Ancak şiddet olgusunun giderek farklı kurumlara da sirayet ettiğini biliyoruz. Başta doktorlar olmak üzere, sağlık çalışanlarına uygulanan şiddetin onlarca örneğini son yıllarda çeşitli haberlerde görüyoruz ve okuyoruz. Öğretmenler Günü’nün kutlandığı kasım ayında öğretmen şiddetine maruz kalan çocukların görüntüleri hepimizin hafızasında yer etmiş bulunuyor.
Şiddet konusu, toplumsal gündeme en son Fair Play ödüllü Ankaragücü Başkanı Faruk Koca’nın eylemiyle girdi. Koca, maçın ardından hakem Halil Umut Meler’i sahada yumrukladı ve bunun ardından, diğer bazı görevliler yere düşen Meler’i tekmeledi.
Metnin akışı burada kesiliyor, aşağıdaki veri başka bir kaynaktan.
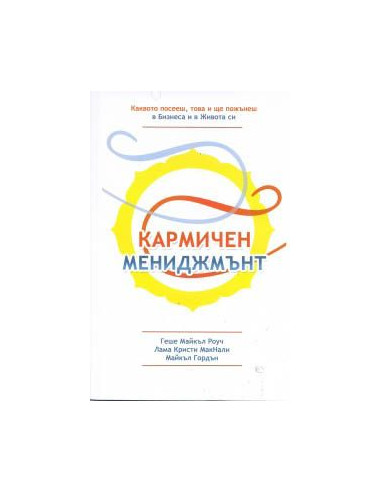 Кармичен мениджмънт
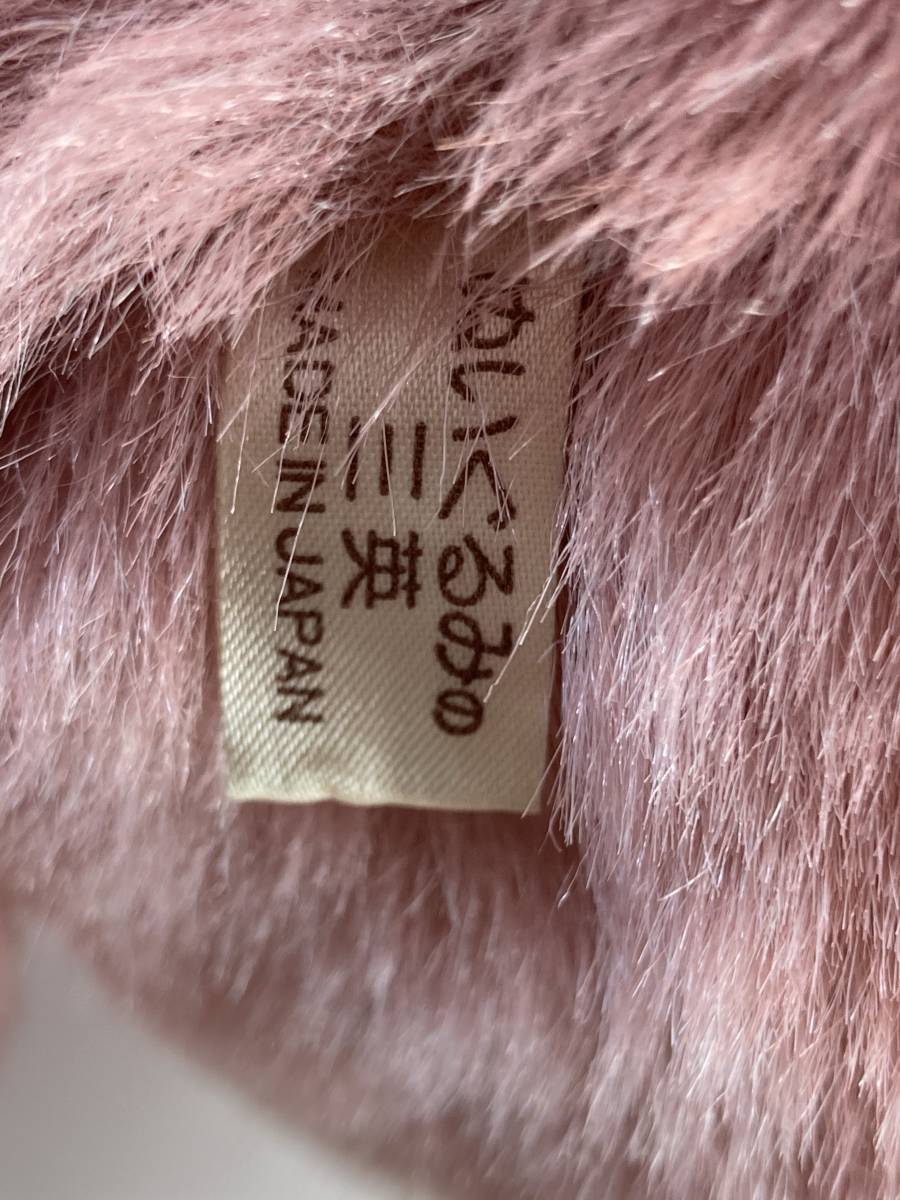 レトロ ぬいぐるみ 三英 Stuffed Animal タヌキ ピンク スタッフ レトロ ぬいぐるみ 三英 Stuffed Animal タヌキ ピンク スタッフ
Ankaragücü taraftarları da başkanları Koca’yı destekleyen tezahüratta bulundular. Zincirleme şiddet eylemi.
Kuşkusuz ki, bu, sporda karşılaştığımız ilk şiddet olayı değil. Bu ülkede, hem seyirci şiddeti eşliğinde maç yapan takımlar hem de çeşitli şiddet olaylarına karışıp cezalandırılmayan birçok ünlü futbolcu bulunmaktadır.
Hakeme yönelik şiddet büyük bir toplumsal infial yarattı ve hepimiz günlerdir bu olayı konuşuyoruz. Bakalım konu kaç gün daha gündemde kalacak? Her şeyden önemlisi nasıl sonuçlanacak? Hukuk kurumu bu şiddet karşısında nasıl bir sınav verecek?
Nihayetinde adına ister bileşik kaplar prensibi deyin isterseniz konuyu “hangi turşu kavanozunun içindeysen ona benzersin” diyerek özetleyin, meselenin özü tek bir soruda yatıyor. Bu sorunun yanıtı toplumsal geleceğimize yön çizecek: Biz kurumlar arasında bozulan dengeleri değiştirebilecek, yeni bir toplumsal denge tesis edebilecek miyiz? Yoksa hepimiz “25 sene önce doktorlar bizi azarlardı. Şu an biz doktor dövüyoruz. Şu an doktorları beğenmiyoruz, doktor dövüyoruz. O rahatlıktayız. Bunun daha ötesi yok” diyen kadın vatandaşı idolümüz olarak mı kabul edeceğiz?